As we slowly move out of the inertia caused by a terrifying, mind-numbing, global pandemic, some of us who have the privilege of a roof over their heads, food on their tables, relief from the excruciating worry of an uncertain livelihood, freedom to avail the gift of time undistracted by constant online meetings, crying children, sick and/or hungry members of the household to take care of, can perhaps, choose to reflect. Monks and sages have voluntarily retreated into isolation for millennia. Angels have come to prophets in caves when they were in seclusion. In the Amazon, intentional isolation continues today in an ascetic practice known as a dieta. As part of an ancient shamanic practice, an initiate goes into the forest for an extended period of time vowing abstinence from earthly delights including salt, sugar, oil, fats, bloody meats, alcohol, sex; any and all sensual stimulation is forsaken for meagre portions of bland food in order to "hollow out the vessel" of the neophyte. Similar to what we are expected to do in a day of fasting during Ramadan. Much like the Hindu and Lakota traditions, the base of these practices lies in the perspective that plants, animals, and even landscapes possess a spirit. Retreat and reflection have been practised as part of spiritual processes across traditions all over the world to bring us to a single realisation.

That we are as interconnected as our stories and our faiths.
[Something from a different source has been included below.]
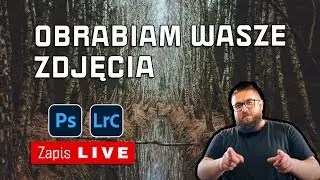 [FG049] Zgniły i ponury las + zachody nad wodą | OBRABIAM ZDJĘCIA WIDZÓW 📷 
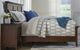 A-America® Westlake Cherry Brown California King Panel Bed-3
While the crippling coronavirus has rudely awakened mankind to its own powerlessness, it is perhaps meant to force upon us a different kind of a reckoning. The virus serves as a reminder of our interrelation; a golden example of the butterfly effect—a bat has effectively collapsed the entire world economy. And if we are to prevent future pandemics and reduce the "virus spillover risk" from wildlife to people, which rises as contact increases between them, we have to be cognisant of the outcomes of mindless land use, agriculture, deforestation and wildlife hunting. Because, the fact remains that almost half of the new diseases, including SARS, Ebola, West Nile, Lyme, MERS, can be traced to humans venturing irresponsibly into spaces that are not ours. The virus is a reminder of our part in the web of relationship responsibility to other beings.

In most urban spaces, we have largely lost touch with the subtle sensibility needed to recognise the natural "messengers" of the world. Throughout the month of Ramadan, we spent nights stooped over the Word of God reading translations, working our way through words and meanings to grasp at the message. On the 27th night, when it is claimed the Final Message was revealed, I was contemplating on the following: Maybe, the message is an ongoing one, that we receive from the "natural messengers" of the world. The viruses, bacteria, animals, insects, and plants, each with its own grand purpose intertwined with our own, are natural messengers. Maybe receiving the message starts with entering into an experiential relationship with non-human beings with as much intent and care as we do with the holy books we read.

The question is, how many of us are listening? I wonder as industrial activities in Rampal, Mongla, Taltoli and Kalapara continue at the expense of Nature.


Shagufe Hossain is the founder of Leaping Boundaries, an organization that aims to raise visibility of female madrasah students, and a Dalai Lama Fellow.